**DATA TO USE**
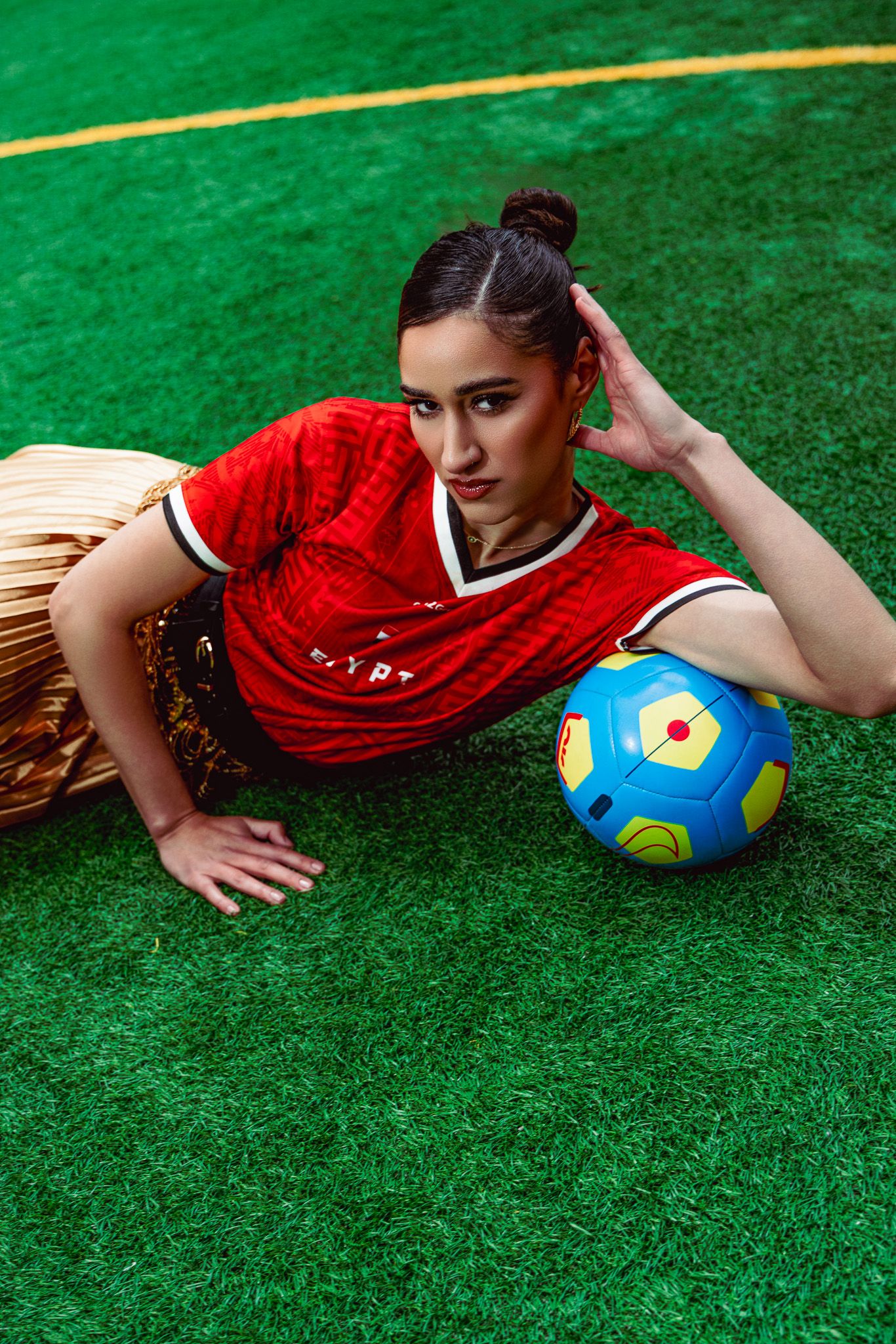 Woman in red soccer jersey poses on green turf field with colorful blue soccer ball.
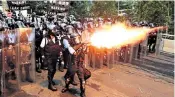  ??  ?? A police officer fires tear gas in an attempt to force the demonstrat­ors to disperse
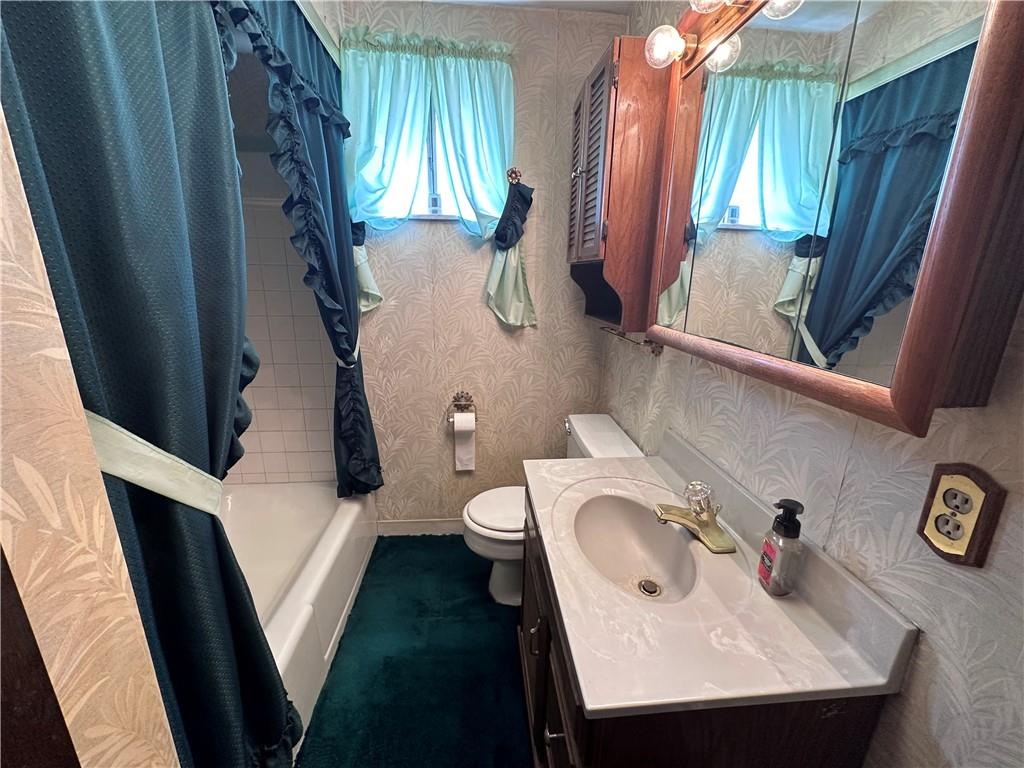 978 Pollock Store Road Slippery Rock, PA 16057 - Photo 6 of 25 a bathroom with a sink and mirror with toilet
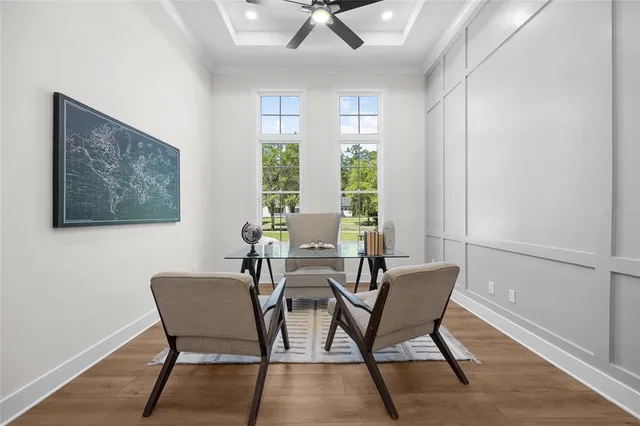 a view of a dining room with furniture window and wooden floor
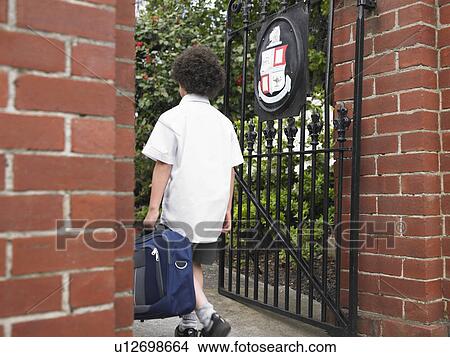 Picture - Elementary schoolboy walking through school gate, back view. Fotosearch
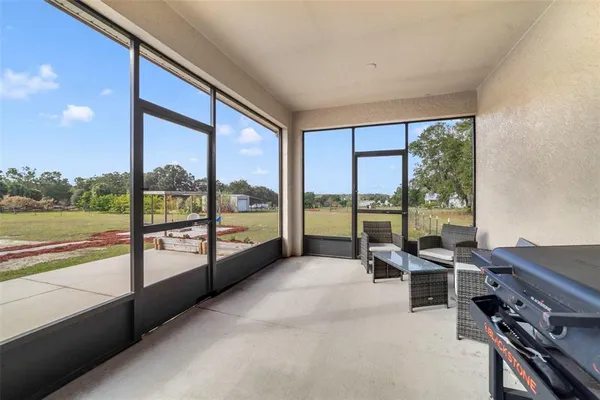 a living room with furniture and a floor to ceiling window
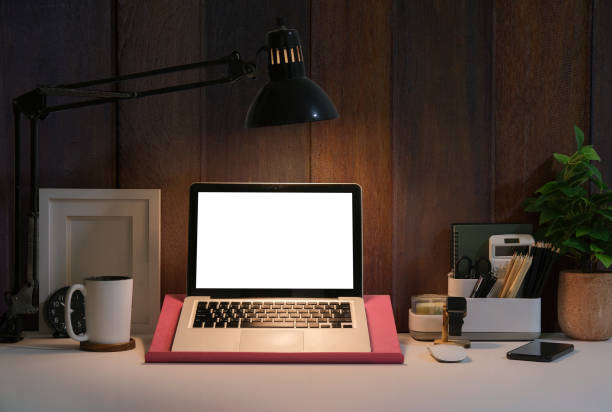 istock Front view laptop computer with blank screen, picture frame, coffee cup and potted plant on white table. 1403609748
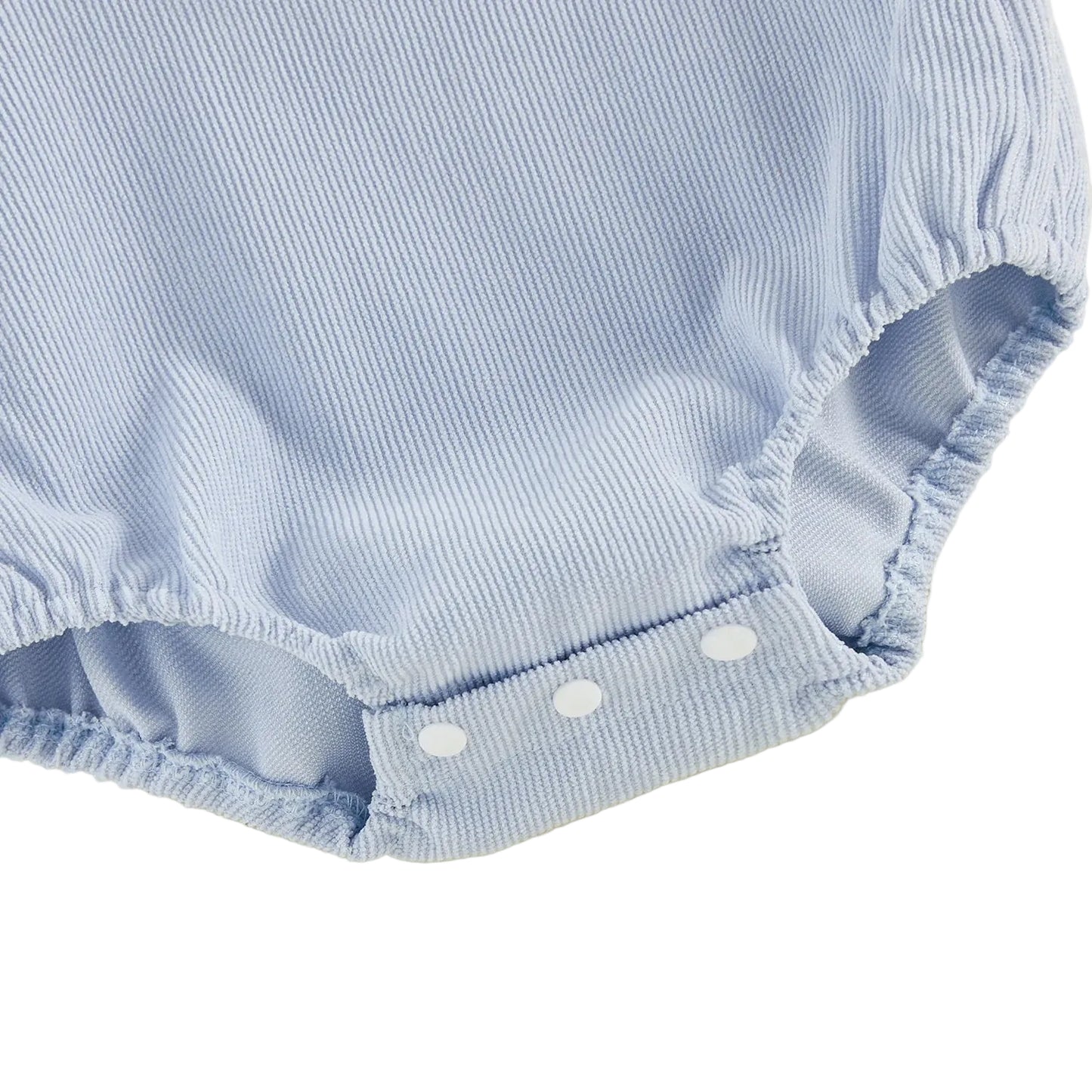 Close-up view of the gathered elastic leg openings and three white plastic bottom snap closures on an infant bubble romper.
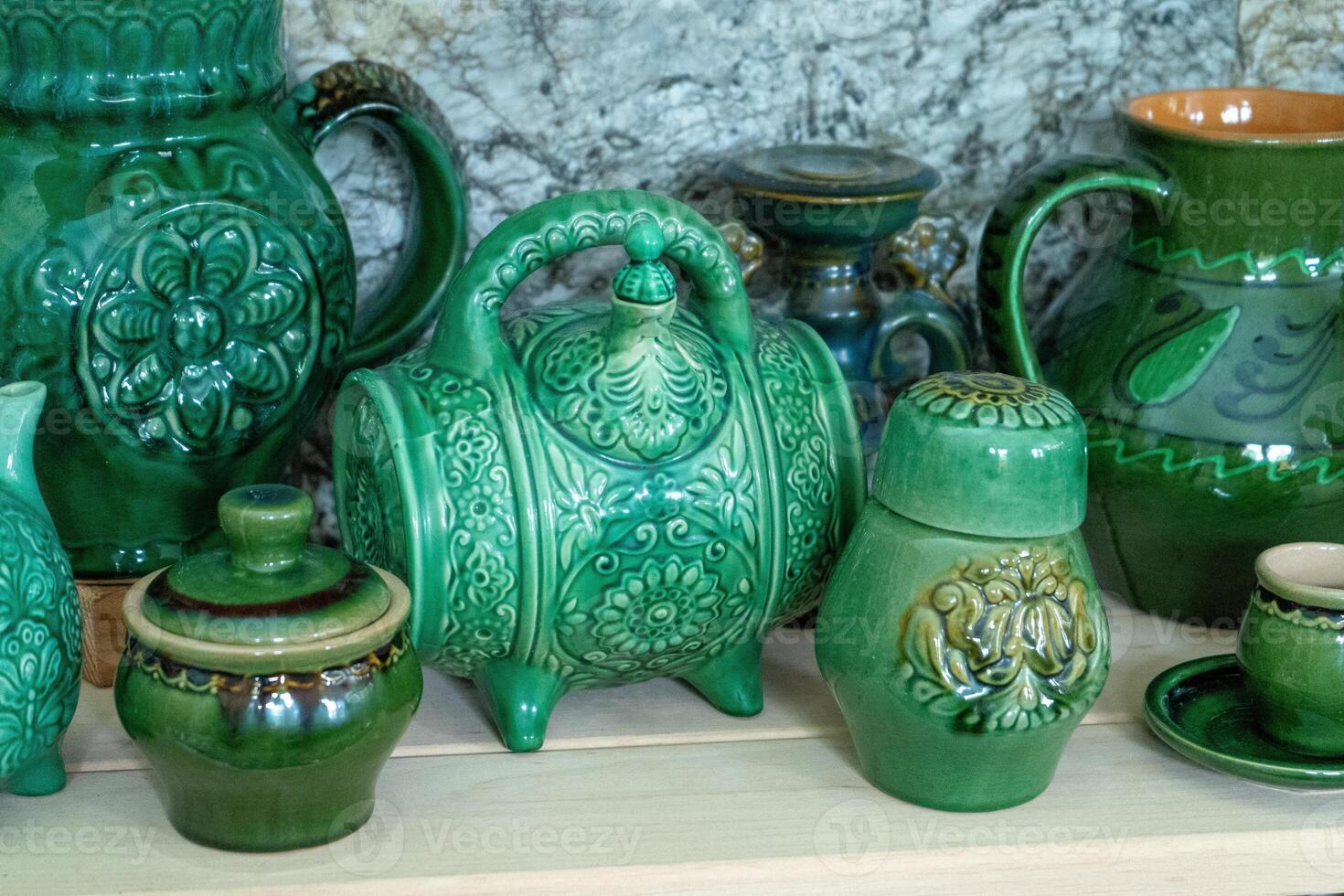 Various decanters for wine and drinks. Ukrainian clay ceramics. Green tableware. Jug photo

**WORK INSTRUCTION**
The data above should be returned in full, exactly as written, apart from its images.

**ANSWER BELOW**
 Woman in red soccer jersey poses on green turf field with colorful blue soccer ball.
  ??  ?? A police officer fires tear gas in an attempt to force the demonstrat­ors to disperse
 978 Pollock Store Road Slippery Rock, PA 16057 - Photo 6 of 25 a bathroom with a sink and mirror with toilet
 a view of a dining room with furniture window and wooden floor
 Picture - Elementary schoolboy walking through school gate, back view. Fotosearch
 a living room with furniture and a floor to ceiling window
 istock Front view laptop computer with blank screen, picture frame, coffee cup and potted plant on white table. 1403609748
 Close-up view of the gathered elastic leg openings and three white plastic bottom snap closures on an infant bubble romper.
 Various decanters for wine and drinks. Ukrainian clay ceramics. Green tableware. Jug photo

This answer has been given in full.